Esses dados servem para demonstrar que esperar que todas as escolas brasileiras sejam devidamente equipadas para só então implementarmos noções de educação midiática nos projetos pedagógicos não é uma opção viável. Se queremos uma sociedade mais ética, cidadã e responsável, precisamos começar agora - afinal, o tempo passa rápido, tudo muda velozmente e os estudantes não podem ser negligenciados. Ainda que eles não tenham contato com algum tipo de tecnologia digital nas aulas, fora delas eles estarão expostos ao turbilhão de informações e conteúdos típicos do momento em que estamos vivendo. 

A própria etimologia da palavra “tecnologia” nos indica isso: ela é uma junção dos termos gregos “tekhne”, que significa técnica, arte ou ofício, e “logos”, que pode ser interpretado como “conjunto dos saberes”. A educação midiática nada mais é do que um conjunto de saberes que pressupõem adotar uma postura reflexiva diante de todas as informações que recebemos, das imagens que vemos, das embalagens de produtos que consumimos, entre outros - por isso não é algo só ligado ao digital.

E o professor, como fica diante desse contexto? Sabemos que as dificuldades são muitas, e ultrapassam a falta de recursos. Mas as possibilidades também são variadas. Um depoimento do professor Renato Hendrigo, que participou em setembro da primeira formação de multiplicadores do EducaMídia, programa de educação midiática do Instituto Palavra Aberta, é um bom exemplo. A escola onde ele leciona, em Goiânia (GO), fica na periferia, não tem computadores ou acesso à internet, e os alunos não têm celular ou não são autorizados a levá-lo para a sala de aula. Mesmo assim, dias após o encontro, ele desenvolveu uma atividade com a turma que consistia em utilizar mensagens que estavam circulando em grupos de Whatsapp. Os textos foram impressos e colados em cartolinas, e os educandos deveriam avaliar se as informações eram verdadeiras ou falsas. Isto é: de uma maneira completamente analógica, o educador conseguiu fazê-los refletir sobre a disseminação de informação. 

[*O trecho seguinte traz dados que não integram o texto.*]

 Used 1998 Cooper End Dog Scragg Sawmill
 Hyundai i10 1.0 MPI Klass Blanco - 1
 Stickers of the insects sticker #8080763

O próprio kit de cards desenvolvido pelo EducaMídia, como parte dos materiais gratuitos fornecidos pelo programa, também serve de exemplo. Os cartões objetivam justamente introduzir diversos temas atuais sem a necessidade de acesso à internet, e podem ser baixados e depois impressos para uso em sala de aula. Cada um traz um assunto contemporâneo, que faz parte do universo dos jovens - como discurso de ódio, influenciadores digitais e bolha informacional, para citar alguns -, juntamente a perguntas disparadoras de conversa para incentivar a discussão entre professores e turma. 

Essas são apenas algumas ideias práticas entre várias outras que já acontecem nas salas de aulas Brasil afora. Os educadores precisam ter em mente que os jovens podem entender bem o funcionamento das redes sociais e dos aparelhos digitais, pouco sabem, porém, sobre as possibilidades, efeitos e impactos que eles têm nas suas vidas. O papel dos docentes é justamente apoiar e orientar seus estudantes nessa trilha de aprendizados.

A educação midiática não é uma questão de informatizar processos, e sim de de humanizá-los, empoderando crianças e jovens para que sejam autônomos na cultura digital. É uma missão e tanto, mas que só pode ser desempenhada pelos professores e educadores de todas as redes de ensino do País.